Protein ubiquitination, amyloidosis and drug discovery of the related diseases
Our research focuses on two topics:
(1) Protein ubiquitination and linked human diseases
Post-translational modifications (PTMs) are important biological processes related to numerous cellular molecular events such as cell division, signaling ,and protein turnover. Ubiquitination is one of the post-translational modifications which employs a 76-residue small protein called ubiquitin to modify substrate proteins. Nearly half of human proteins are involved in the ubiquitination proteasome system and (mis-)regulated ubiquitinations are frequently correlated with human diseases.
We want to unravel the relationship of protein ubiquitination (or ISGylation) and infectious diseases such as SARS, Dengue fever, influenza, and Tuberculosis. These infections often substantially alter the cellular ubiquitin homeostasis hence suppress innate immunity. We employ biophysics, structural biology, biochemistry, and synthetic biology approaches to understand the infection-caused (de-)ubiquitination mechanism. By holding the knowledge, we aim to develop inhibitors against infections and enhance immunity.
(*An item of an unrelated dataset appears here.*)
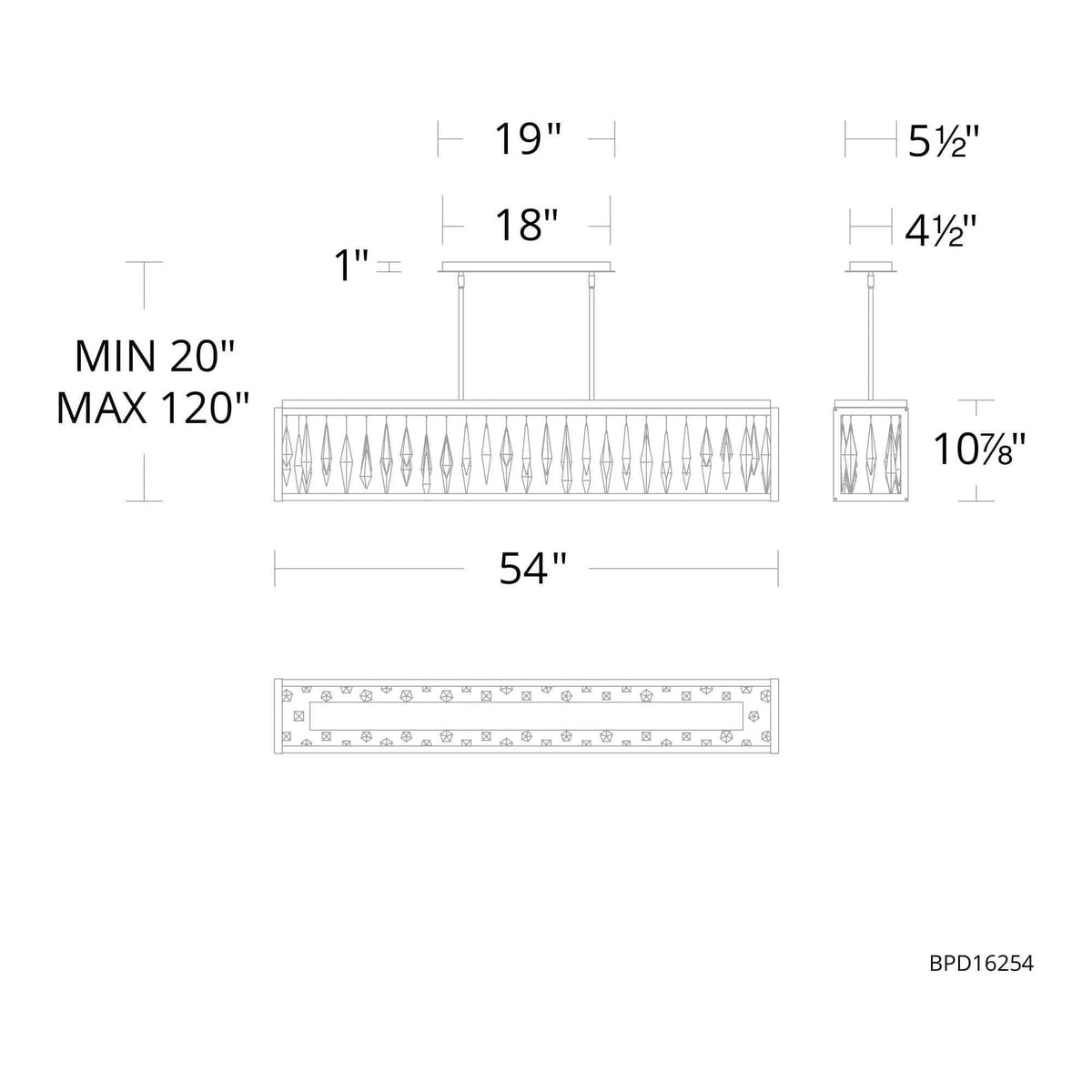 Schonbek Beyond - Mirage LED Linear Pendant - BPD16254-BK | Montreal Lighting & Hardware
(2) Protein amyloidosis and its impact on neurodegenerative diseases
The aggregated proteins called amyloid residing in the neuron cell frequently link to many neurodegenerative diseases. Parkinson’s disease is a prevalent neurodegenerative disease second to Alzheimer’s disease. There are many factors associated with Parkinson’s disease; and one hallmark is the amyloidosis of alpha-synuclein. Familial mutations, environmental factors, and foods could be the root causes of amyloidosis of alpha-synuclein. We are working on deciphering the mystery of interconversion of alpha-synuclein from intrinsically disordered protein to ordered cross-beta fibrils. By understanding the mechanism, we will have the opportunity to retard and even reverse the aggregation inside neuron cells.